Assignment —
Would you please print exactly the lines that run from the one with "1xArtificial Fake Silk" to the last line of the data, both included, without any pictures?

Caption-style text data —
*** Begin section ***
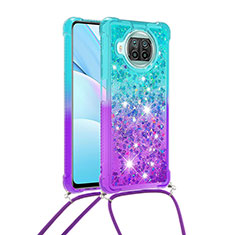 Silicone Candy Rubber TPU Bling-Bling Soft Case Cover with Lanyard Strap S01 for Xiaomi Mi 10i 5G Sky Blue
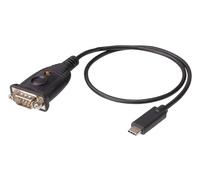ATEN Cable adaptador USB-C a RS-232 UC232C - Conectividad USB tipo C macho para portátiles PC sin COM, puerto serie DB-9 para Windows, Mac y Linux, color negro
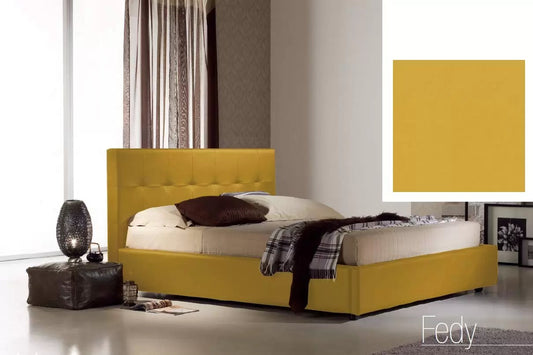 Letto matrimoniale con vano contenitore imbottito, rivestimento in similpelle, colore giallo senape - 176 cm, 210 cm, H 100 cm - per rete 160 x 190. (SFI)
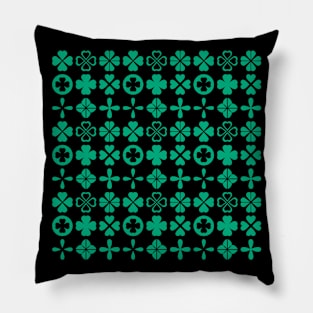 Four Leaf Clover Abstract Pattern Pillow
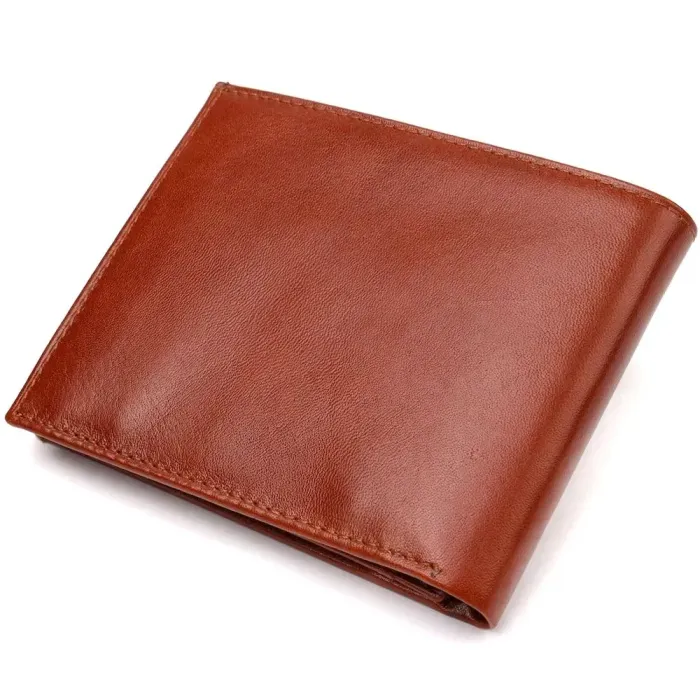 Чоловічий гаманець без застібки горизонтального формату з натуральної гладкої шкіри CANPELLINI 21762 Коричневий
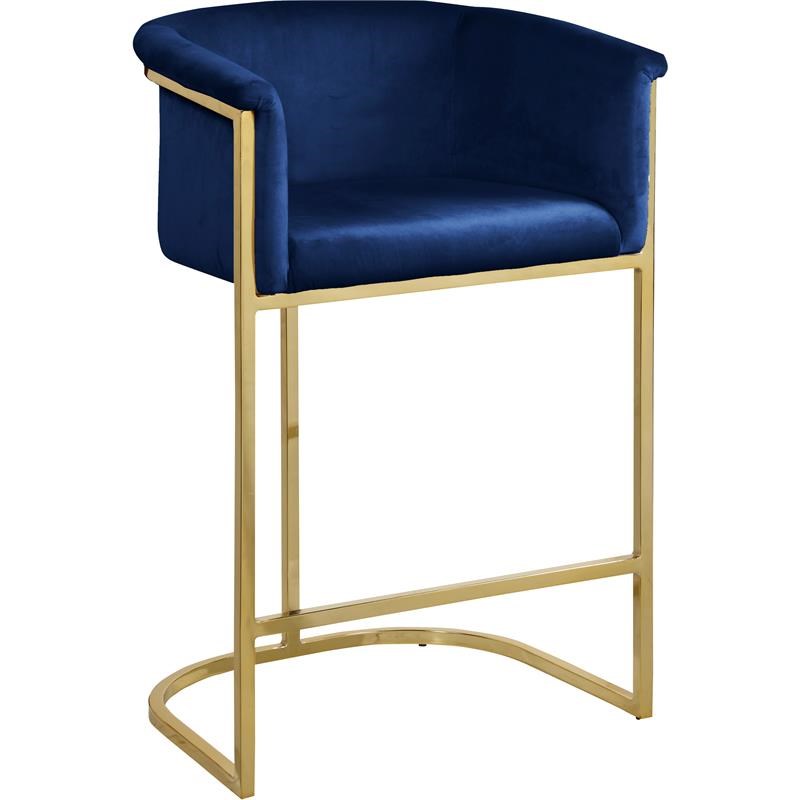 Home Square 2 Piece Velvet Counter Stool Set with Gold Metal Base in Navy Blue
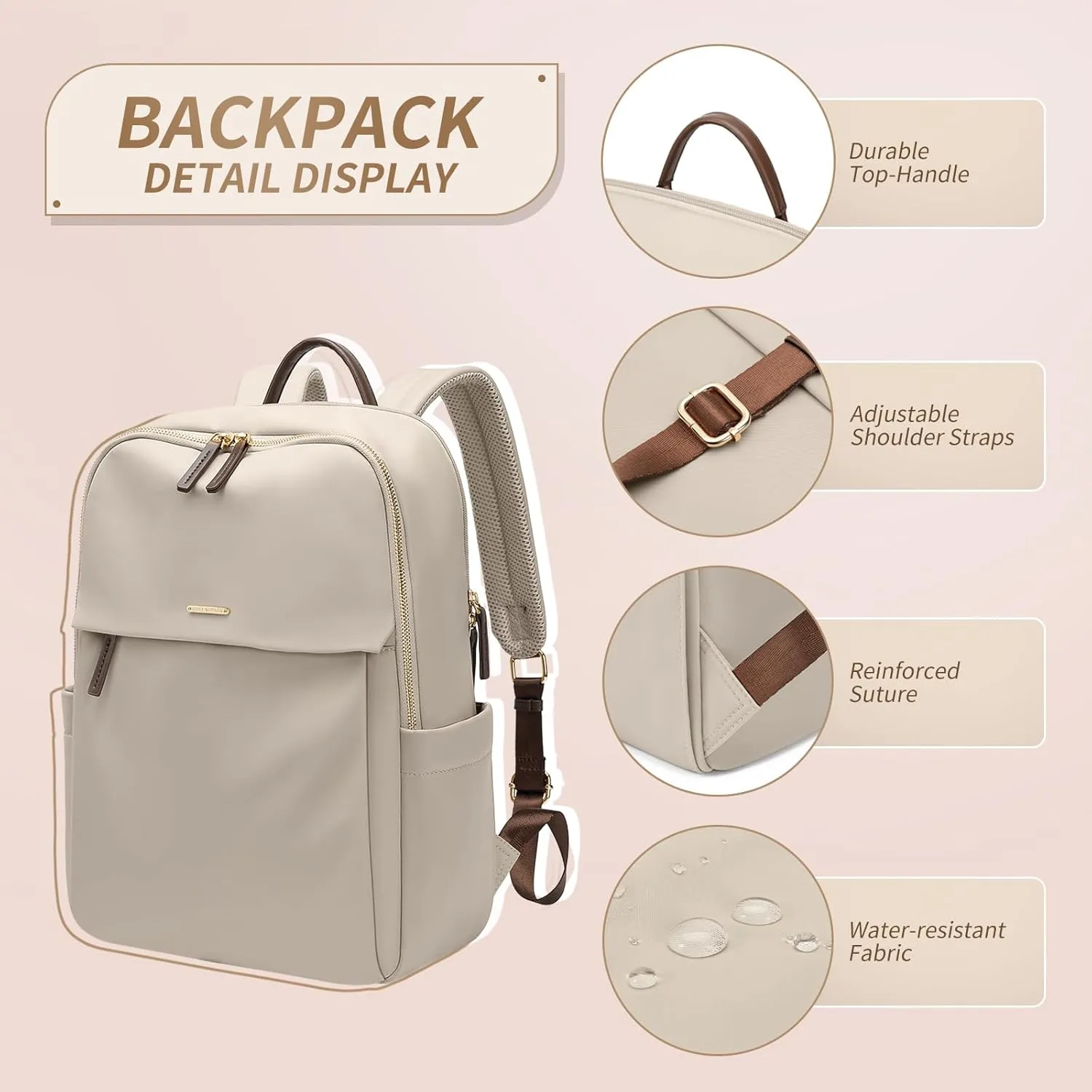 GOLF SUPAGS Women Laptop Backpack with Separate Laptop Compartment Fits 15.6 Inch Notebook Casual Daypack for Work Travel College Backpack Book Bags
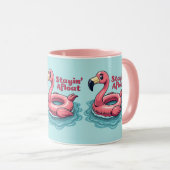 Retro Flamingo Schwimmkörper Lustiger Sommer Tasse (VorderseiteRechts)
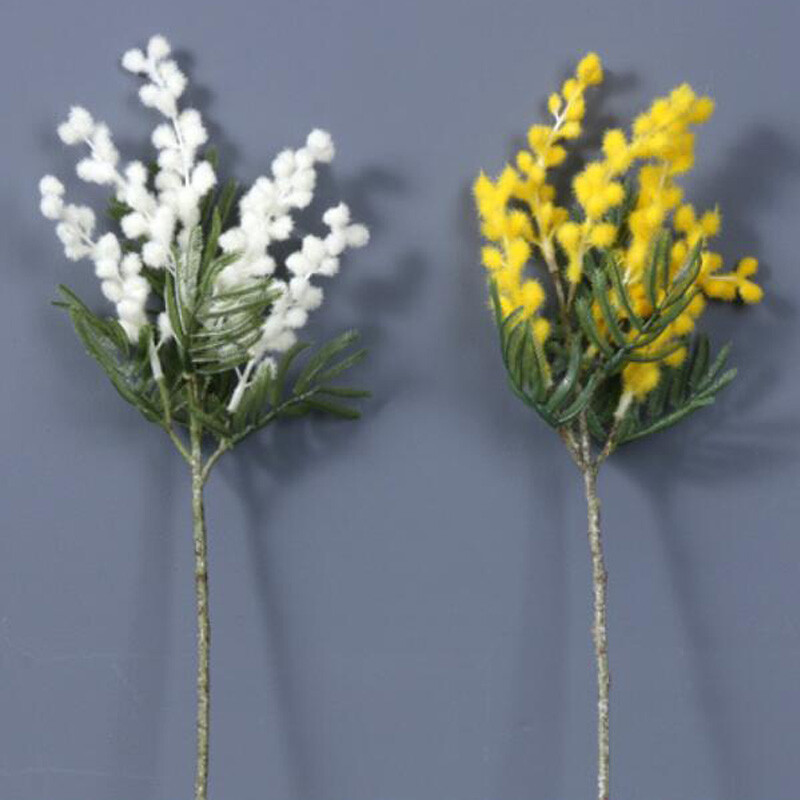1xArtificial Fake Silk Flower Golden Yellow Wattle Flower Stem Australian Native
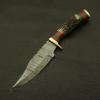 Custom Made Hand Forged Damascus Hunting/skinning Knife - Stag/antler Hand with Sheath view 1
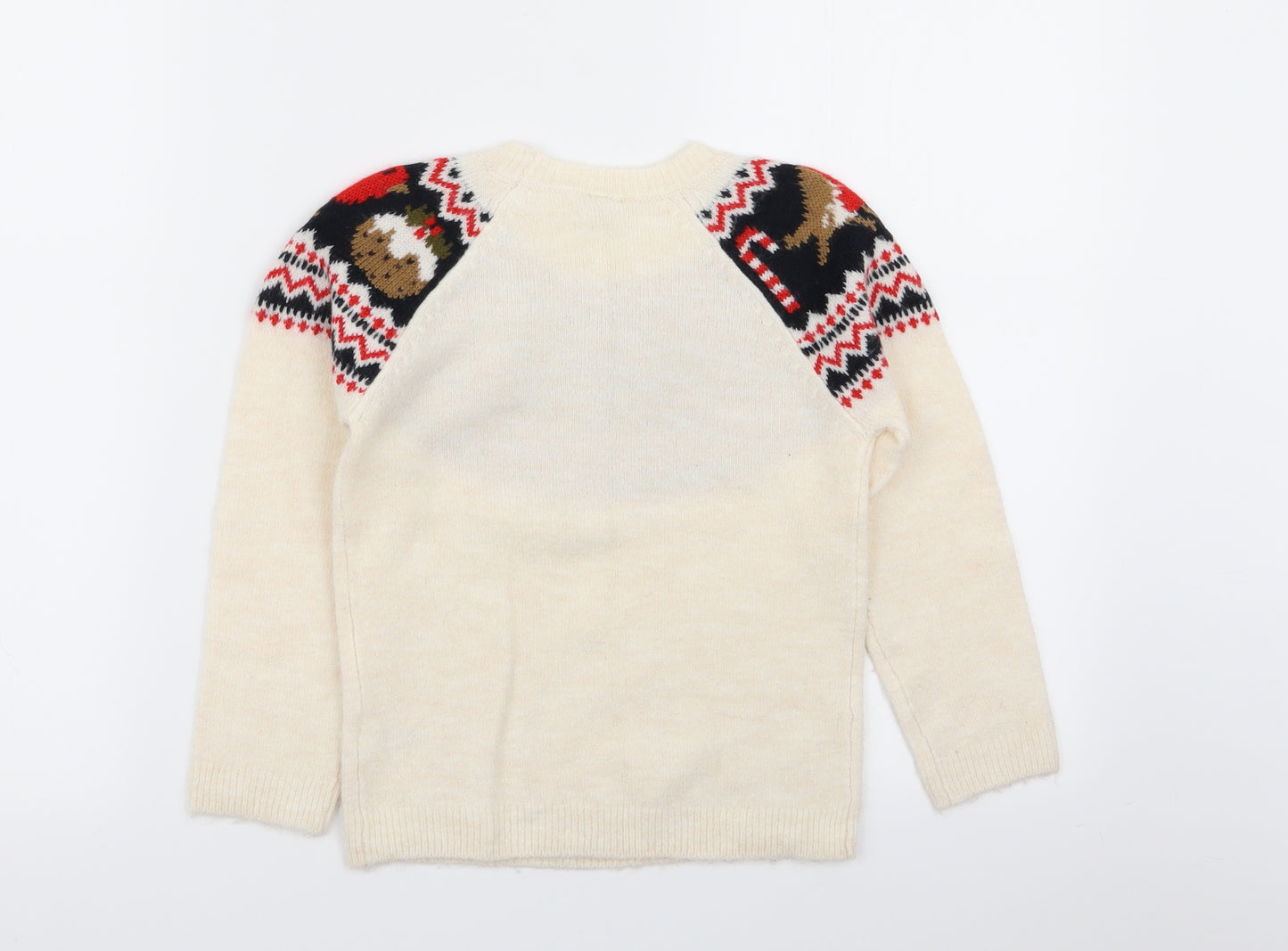 TU Girls Ivory Geometric  Pullover Jumper Size 6 Years  - Christmas Jumper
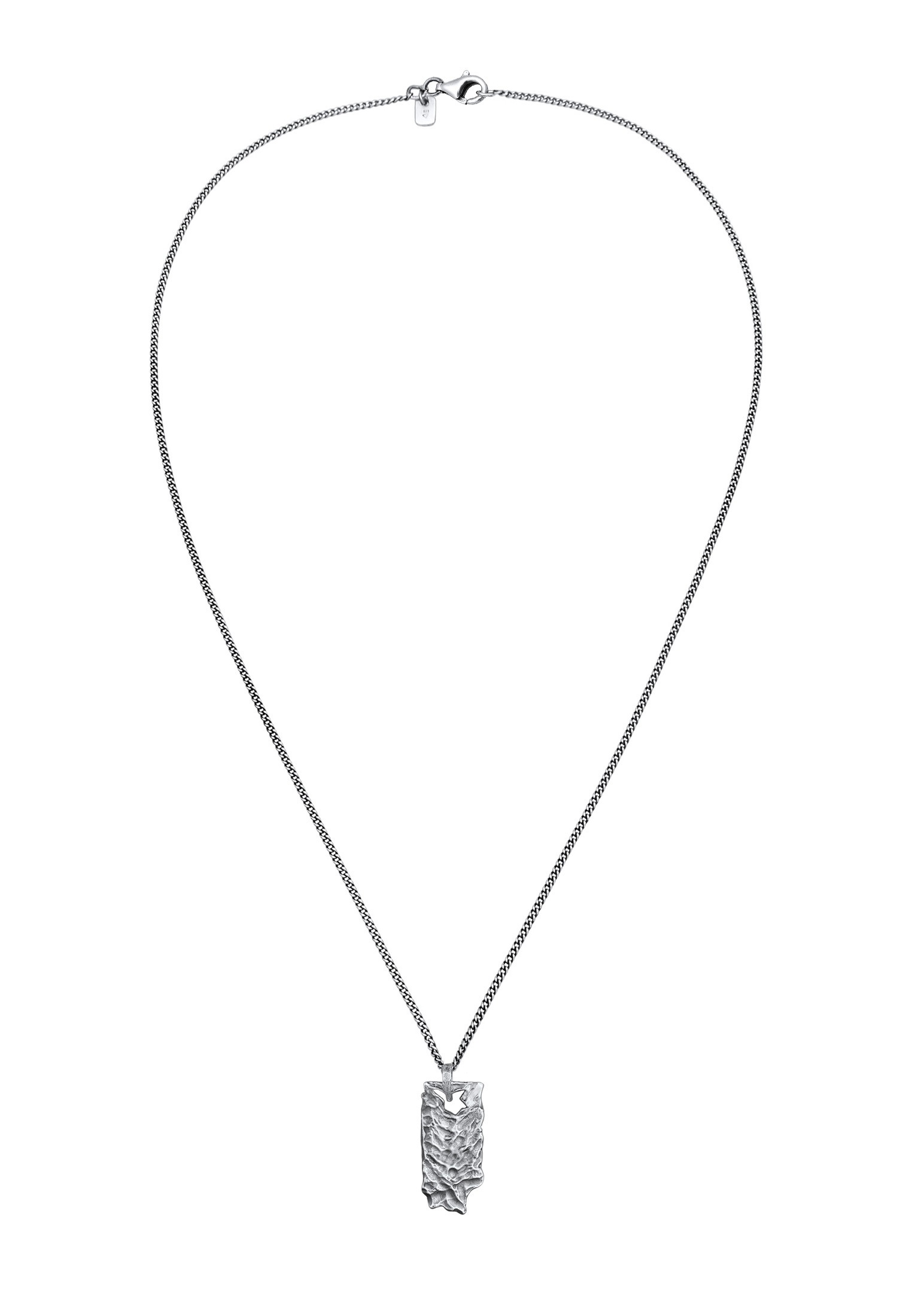 Kuzzoi Kette mit Anhänger »Halskette Rechteckiger Anhänger natürlicher Look 925 Silber«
*** End section ***
Written reply —
1xArtificial Fake Silk Flower Golden Yellow Wattle Flower Stem Australian Native
 Custom Made Hand Forged Damascus Hunting/skinning Knife - Stag/antler Hand with Sheath view 1
 TU Girls Ivory Geometric  Pullover Jumper Size 6 Years  - Christmas Jumper
 Kuzzoi Kette mit Anhänger »Halskette Rechteckiger Anhänger natürlicher Look 925 Silber«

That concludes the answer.